Segundo ela, as desigualdades no tratamento das mulheres encarceradas começam nas visitas íntimas. Hoje, apenas 18 se encontram com os maridos semanalmente. "Nós entramos com pedido no Judiciário e conseguimos autorização para que as mulheres recebam visitas íntimas nas celas. Só não autorizamos ainda porque estamos fazendo as adaptações necessárias".
Um dos reflexos da ausência das visitas, segundo Fabiana, é o aumento das relações homossexuais entre as detentas.
Trabalho e lazer - Para compensar o abandono, as encarceradas são envolvidas em diversas atividades. Elas podem participar de aulas, frequentar o salão de beleza montado em uma das celas, e têm direito a uma ligação por semana para a família.
Ainda, no sistema "cela livre", elas podem trabalhar e ter redução da pena. Elas ficam das 7h às 17h trabalhando e, somente à noite, retornam para as celas. Para cada 3 dias de serviço, é 1 dia a menos de pena.
Algumas trabalham no setor administrativo, como E.L, de 21 anos. Ela foi presa com a mãe acusada de envolvimento com tráfico e, por causa do bom comportamento, foi chamada para ajudar no setor administrativo da unidade.
Apesar de contar os dias para sair da unidade, a jovem confessa que terá motivos para sentir saudade. "Eu sei que estou aqui injustamente, mas aprendi muitas coisas e aprendi a gostar de muitas pessoas, que terei saudades".
São elas também que fazem a própria comida, limpam, cuidam da creche, da horta, e ainda trabalham na fabricação de salgados, bolsas e sala de costura. "Estamos com outro projeto para uma fábrica de roupas, já que muitas chegam aqui grávidas e não têm roupas para os bebês.

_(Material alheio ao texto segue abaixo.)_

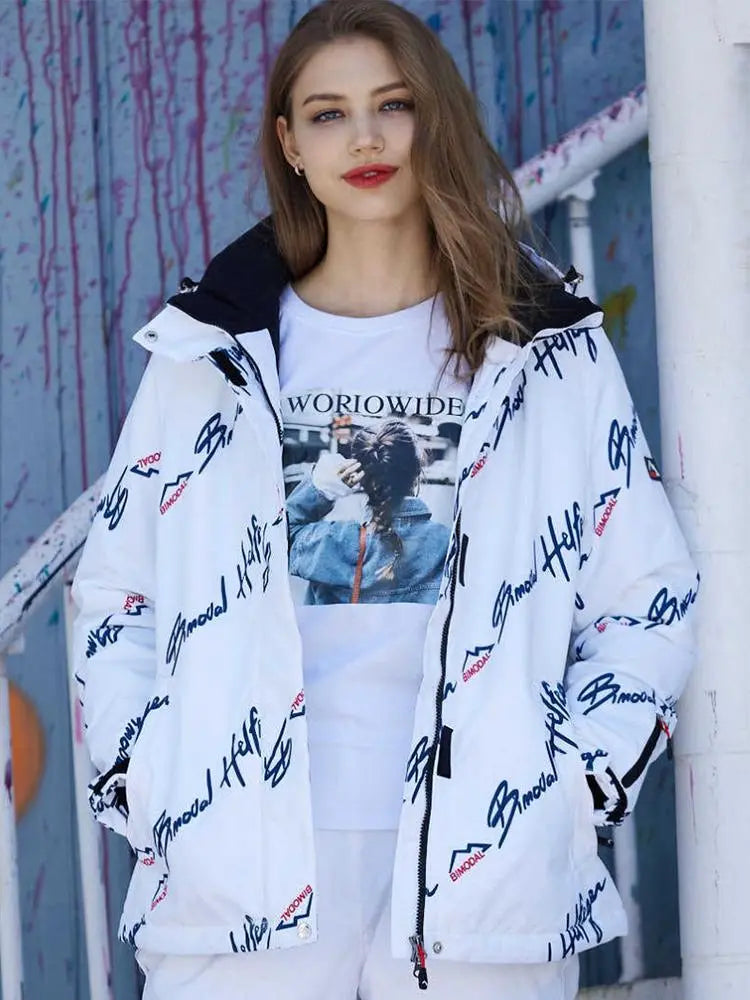 Women Printed Ski Jackets Fashion Snowboarding Coat Streetwear 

Então, elas mesmas poderão costurar", relatou a diretora.
Gravidez - Muitas não chegam na unidade sozinhas, mas acompanhadas dos futuros filhos. De acordo com a direção, em média, 8 a 10 mulheres grávidas são detidas. É o caso de Patrícia, 23. Quando ela foi presa estava grávida de 2 meses. Hoje, de 5 meses, ela está na expectativa de conseguir a liberdade e ter o filho em casa.
Patrícia foi presa com o marido, acusado de tráfico. Ela conta que, mesmo sabendo que ele comercializava drogas, aceitou morar com o mesmo. "Meu pai não queria que eu continuasse com ele, mas eu gosto do meu marido".
Ela confessa que ao sair da prisão, pretende visitar o companheiro preso. "Ele é o pai do meu filho. Vou visitá-lo e depois que tiver o bebe levar para ele conhecer".
Luciana também chegou na prisão grávida. Hoje, o filho que teve na cadeia de Cáceres, onde ela ficou detida nos primeiros meses, está com 2 anos e passa os dias na creche da penitenciária, junto com outras 44 crianças. Parte do tempo ele fica ao lado da mãe. "Eu fui condenada a 6 anos de prisão, mas vou cumprir só dois quartos aqui. Logo logo vamos sair".
A diretora da unidade destaca que as crianças passam o dia todo na creche e, à noite, dormem com a mãe. Quando pequenos, são acompanhados pelas mães o tempo integral. As crianças ficam na unidade até os 2 anos, depois são encaminhadas para a família da presa.